VITA DI REDAZIONE. Nel frattempo, era arrivata la nomina di responsabile della redazione teatina del quotidiano Il Tempo. «Oltre trent’anni di lavoro a raccontare piccole e grandi storie. In pagina cercavo di trovar spazio per ogni notizia ma, allora, il problema maggiore era rappresentato dalla trasmissione delle fotografie che, a volte, rendeva necessaria anche una corsa in auto verso la tipografia di Roma». Giornalista appassionato, affabile ma estremamente rigoroso, della città conosce pregi e difetti. «Nei primi anni Ottanta, l’assessore Andrea Poillucci ipotizzò la realizzazione di una cabinovia di collegamento con lo scalo ma non fu preso sul serio, magari anche travolto dal solito “ma ca da fa cussu”. Sarebbe stata una svolta per una città divenuta sempre più bipolare e dove un clientelismo eretto a sistema ha poi indotto a pensare solo a piccoli interessi, senza alcuna visione critica».
LE FIRME DEL COMITATO. C’è chi è scappato via da tempo e chi continua a fare i conti con una puntuale perdita di posti di lavoro. «Che ha portato a una desertificazione del centro storico nonostante la presenza di ben 80 associazioni. Si è allora pensato di unire le forze dando vita al Comitato cittadino per il rilancio e la salvaguardia di Chieti. Mi hanno affidato il ruolo di coordinatore, ne sono orgoglioso e la circostanza mi responsabilizza parecchio anche se mi conforta pensare come, in appena un mese, sono state raccolte 8.050 firme per la realizzazione, all’ex ospedale militare della villa comunale, di una cittadella della cultura. Inoltre, a breve, nell’ambito del progetto nazionale “caserme dismesse” dovrebbero iniziare i lavori del polo amministrativo nell’area dell’ex caserma Berardi al Sacro Cuore. Sempre tra tanti, forse troppi intralci burocratici». Ma si va avanti. Chieti: città d’arte e di cultura. «Per essere davvero tale, la presenza ed il contributo dell’Università sono determinanti. Abbiamo fiducia. Ci sono ragazzi che si laureano alla d’Annunzio senza aver mai visto il centro storico della città.

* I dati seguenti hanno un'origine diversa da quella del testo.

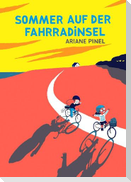Sommer auf der Fahrradinsel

Il campus è splendido, una grande risorsa, ma, a suo tempo, credo che trasferirvi tutte le facoltà letterarie sia stata una scelta sbagliata. Riportare ora sul colle almeno un corso di laurea e qualche ufficio amministrativo sarebbe la strada più rapida per evitare il moltiplicarsi delle ormai tristemente famose “scatole vuote”». Il tutto con il garbo, l’accurata analisi e la competenza di sempre.
I VOLTI DELLA PROCESSIONE. Tre anni fa, la nomina di governatore dell’Arciconfraternita del Sacro Monte dei Morti che da secoli organizza la Processione del Venerdì Santo. «Un grande onore perché la processione del Cristo Morto a Chieti rappresenta un evento identitario. Scandisce e segna il trascorrere del tempo, il succedersi delle generazioni. C’è un profondo senso di appartenenza in quel brivido che accompagna le note del Miserere di Selecchy in una particolare serata di primavera tra volti che rappresentano la fotografia della tua città. Per chi è nel lungo corteo oppure ai lati del percorso, per chi è rimasto e per coloro che sono andati via. Anni fa, in un incidente stradale, perse la vita Alfredo Maiella, storico violinista del Miserere, e da allora i suoi figli, alcuni dei quali lavorano lontano, fanno di tutto per essere presenti. Con il loro violino, tra gli altri musicisti. Difficile spiegare. È così». E solo chi ama la propria città come Giampiero Perrotti può capirlo.